◆ EXERCISE: Reproduce each line of the following material exactly, omitting the images.

◆ DATA BELOW:
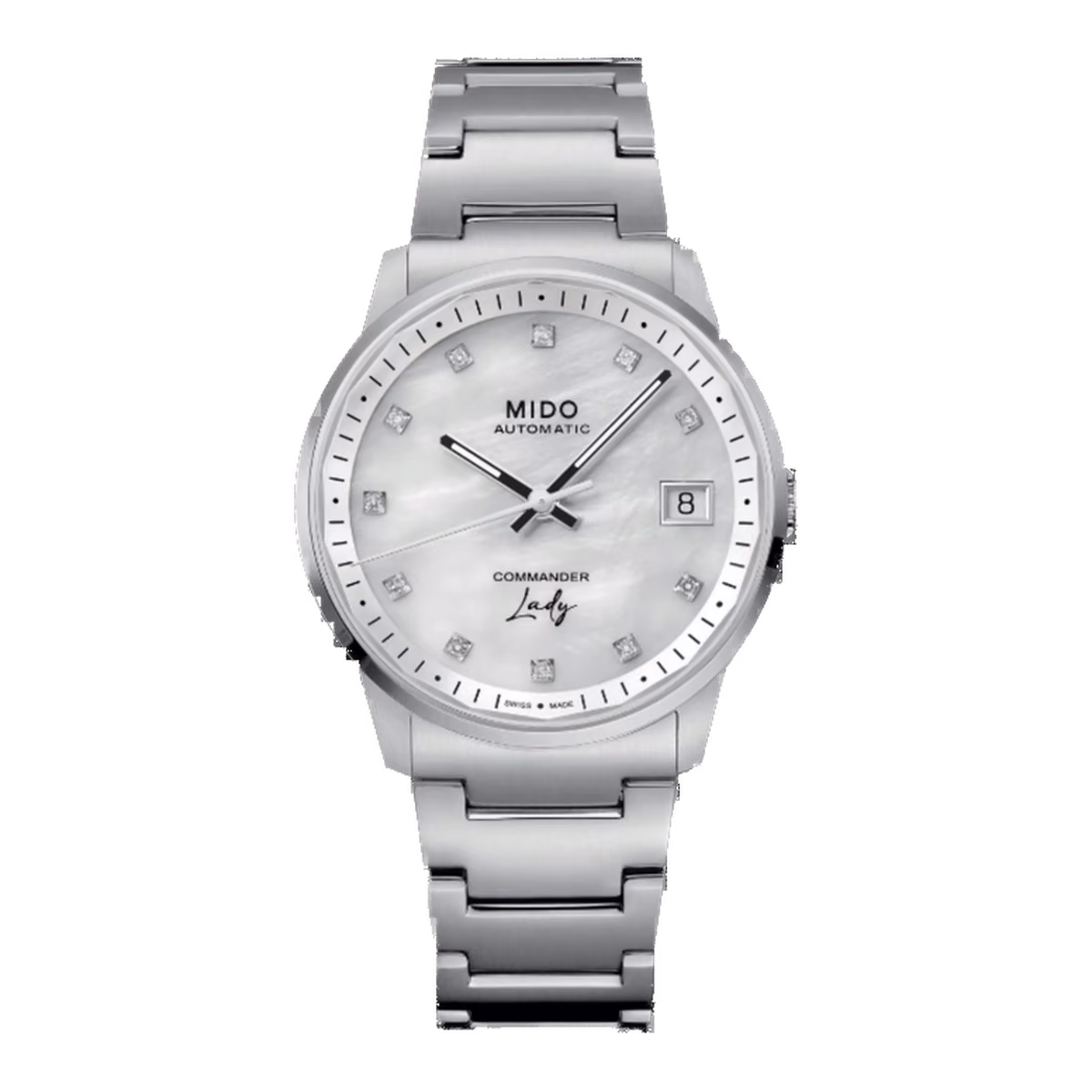 Mido Automatic Commander Lady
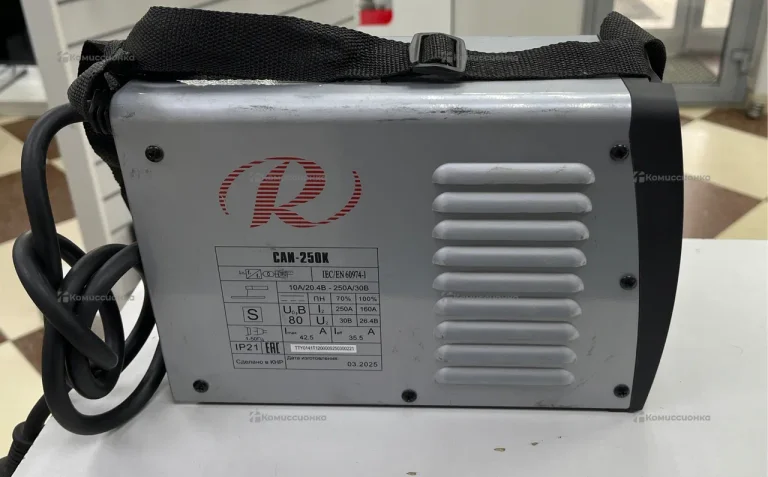 Сварочный аппарат РЕСАНТА САИ-250К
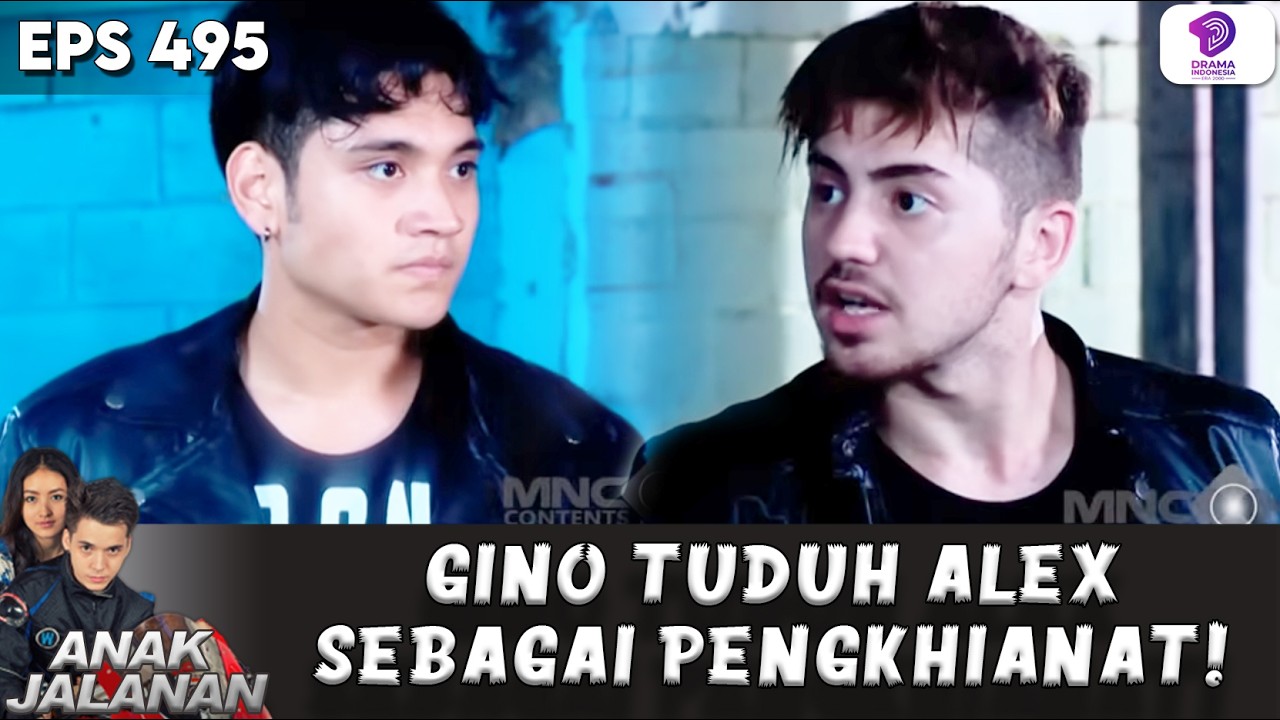 ALEX KLARIFIKASI! BOY PASANG BADAN DI HADAPAN MEMBER AJ | ANAK JALANAN | EPS 495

◆ SOLUTION FOR THIS TASK:
 Mido Automatic Commander Lady
 Сварочный аппарат РЕСАНТА САИ-250К
 ALEX KLARIFIKASI! BOY PASANG BADAN DI HADAPAN MEMBER AJ | ANAK JALANAN | EPS 495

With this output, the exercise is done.